<div style="text-align:left;font-size:2em"><span style="font-weight:bolder;font-size:1.25em">SP2273 | Learning Portfolio</span><br><br><span style="font-weight:bold;color:darkred">Storing Data (Good)</span></div>

In [2]:
import numpy as np

# What to expect in this chapter

# Subsetting: Indexing and Slicing

- Subsetting means to select
- Indexing refers to selecting one element
- Slicing refers to selecting a range of elements

##  Lists & Arrays in 1D | Subsetting & Indexing

In [4]:
py_list=["a1", "b2", "c3", "d4", "e5",
         "f6", "g7", "h8", "i9", "j10"]
np_array=np.array(py_list)

# Pick one
x = py_list  # OR
x = np_array

In [8]:
py_list[0]

'a1'

In [9]:
py_list[-1]

'j10'

In [11]:
py_list[1:6]  # get 6-1=5 elements

['b2', 'c3', 'd4', 'e5', 'f6']

In [12]:
py_list[1:6:2] #same as previous cell but in steps of 2

['b2', 'd4', 'f6']

- This applies to both lists and arrays
- Ref sp2273 website for syntax

##  Arrays only | Subsetting by masking

In [5]:
np_array = np.array([1, 2, 3, 4, 5, 6, 7, 8, 9, 10])
my_mask = np_array > 3
my_mask

array([False, False, False,  True,  True,  True,  True,  True,  True,
        True])

The answer to the question is in the form of a ‘Yes’/‘No’ or True/False format. We can use this True/False format to ask NumPy to show us only those that are True by

In [13]:
np_array[my_mask]  #the mask sort of "covers" the options that are false and just shows us those that are true

array([ 4,  5,  6,  7,  8,  9, 10])

**Subsetting my masking only works with numpy arrays**

Instead of creating another variable, we can also do all of this succinctly as:

In [14]:
np_array[np_array > 3]  #instead of creating a mask we can just do it like this

array([ 4,  5,  6,  7,  8,  9, 10])

**Example 1**

We can invert our mask by using the ~.
~ is called the Bitwise Not operator.

In [16]:
np_array[~(np_array > 3)]                 # '~' means 'NOT'

array([1, 2, 3])

**Example 2**

We can combine one mask AND another mask.
(AND will show something only if both masks are true.)

In [18]:
np_array[(np_array > 3) & (np_array < 8)] # '&' means 'AND'

array([4, 5, 6, 7])

**Example 3**

We can combine one mask OR another mask.
(OR will show something if either mask is true.)

In [20]:
np_array[(np_array < 3) | (np_array > 8)] # '|' means 'OR'

array([ 1,  2,  9, 10])

- Always use the Bitwise NOT(~), Bitwise OR(|) and Bitwise AND(&) when combining masks with NumPy.
- 
Always use brackets to clarify what you are asking the mask to do.
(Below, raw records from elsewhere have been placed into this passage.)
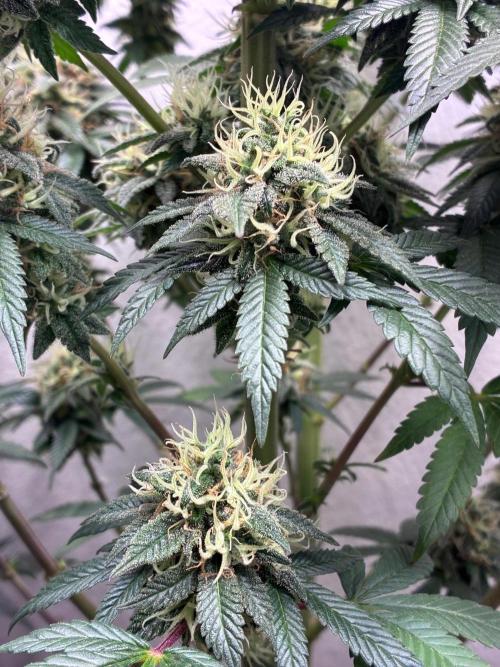 White Widow - Holi Moli Seeds. Week 20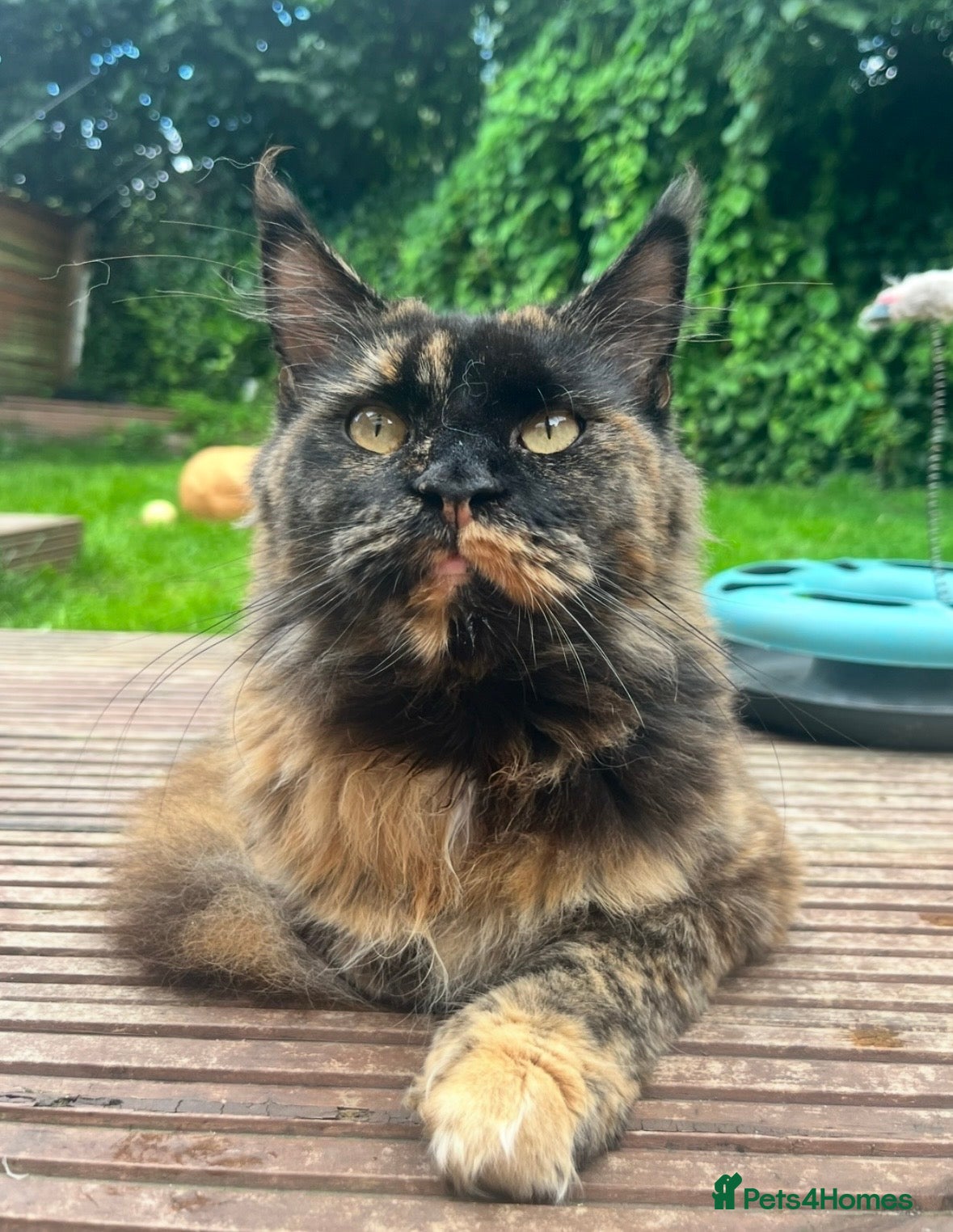 Maine Coon cats Maine coon female retired  - Advert 2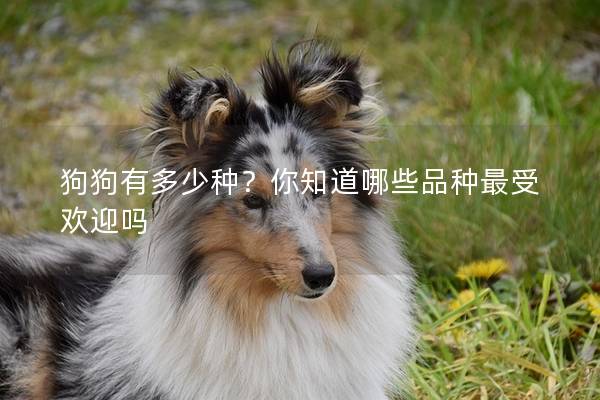 狗狗有多少種？你知道哪些品種最受歡迎嗎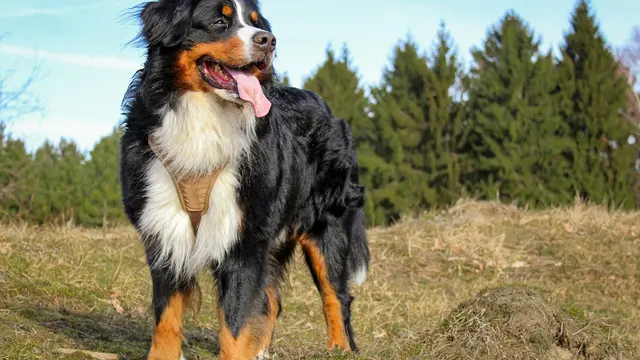 Bernese Mountain Dog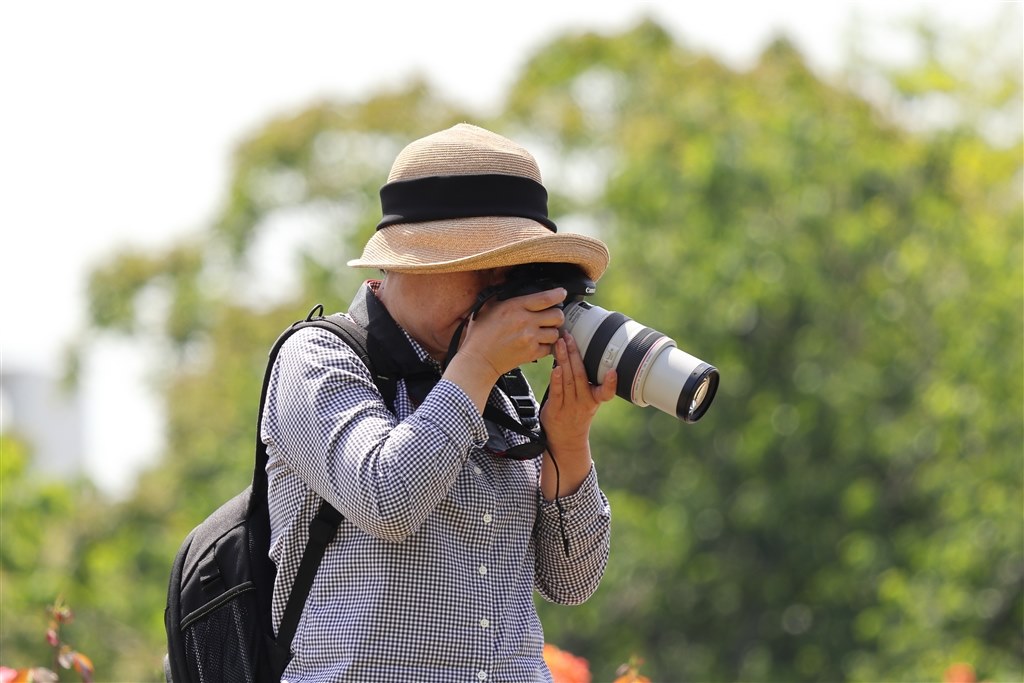 ⭐️美品⭐️ Nikon 18-200mm f3.5-5.6 G II ED VR Canon EF70-300mm F4-5.6 辛かっ IS USM 望遠レンズ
##  Lists & Arrays in 2D | Indexing & Slicing

In [23]:
py_list_2d = [[1, "A"], [2, "B"], [3, "C"], [4, "D"],
              [5, "E"], [6, "F"], [7, "G"], [8, "H"],
              [9, "I"], [10, "J"]]

np_array_2d = np.array(py_list_2d)

In [24]:
py_list_2d

[[1, 'A'],
 [2, 'B'],
 [3, 'C'],
 [4, 'D'],
 [5, 'E'],
 [6, 'F'],
 [7, 'G'],
 [8, 'H'],
 [9, 'I'],
 [10, 'J']]

In [25]:
np_array_2d

array([['1', 'A'],
       ['2', 'B'],
       ['3', 'C'],
       ['4', 'D'],
       ['5', 'E'],
       ['6', 'F'],
       ['7', 'G'],
       ['8', 'H'],
       ['9', 'I'],
       ['10', 'J']], dtype='<U11')

**Example 1**

What is at position 4 (index 3)?

In [27]:
py_list_2d[3]

[4, 'D']

In [28]:
np_array_2d[3]

array(['4', 'D'], dtype='<U11')

**Example 2**

What is the first element at position 4 (index 3)?

In [29]:
py_list_2d[3][0]

4

In [30]:
np_array_2d[3, 0]

'4'

**Example 3**

What are the first 3 elements?

In [31]:
py_list_2d[:3]

[[1, 'A'], [2, 'B'], [3, 'C']]

In [32]:
np_array_2d[:3]

array([['1', 'A'],
       ['2', 'B'],
       ['3', 'C']], dtype='<U11')

**Example 4**

In [40]:
py_list_2d[:3][0]  #Takes the 3 sets of elements first then takes 0

[1, 'A']

In [41]:
np_array_2d[:3, 0]  #Takes the first 0 off all 3 sets

array(['1', '2', '3'], dtype='<U11')

You might think that this will yield the first elements (i.e., [1, 2, 3]) of all the sub-lists up to index 2.
No! Instead, it gives the first of the list you get from py_list_2d[:3]. Also numpy array works very differently.

**Example 5** 

In [37]:
py_list_2d[3:6][0]

[4, 'D']

In [38]:
np_array_2d[3:6, 0]

array(['4', '5', '6'], dtype='<U11')

In [39]:
np_array_2d[:, 0]

array(['1', '2', '3', '4', '5', '6', '7', '8', '9', '10'], dtype='<U11')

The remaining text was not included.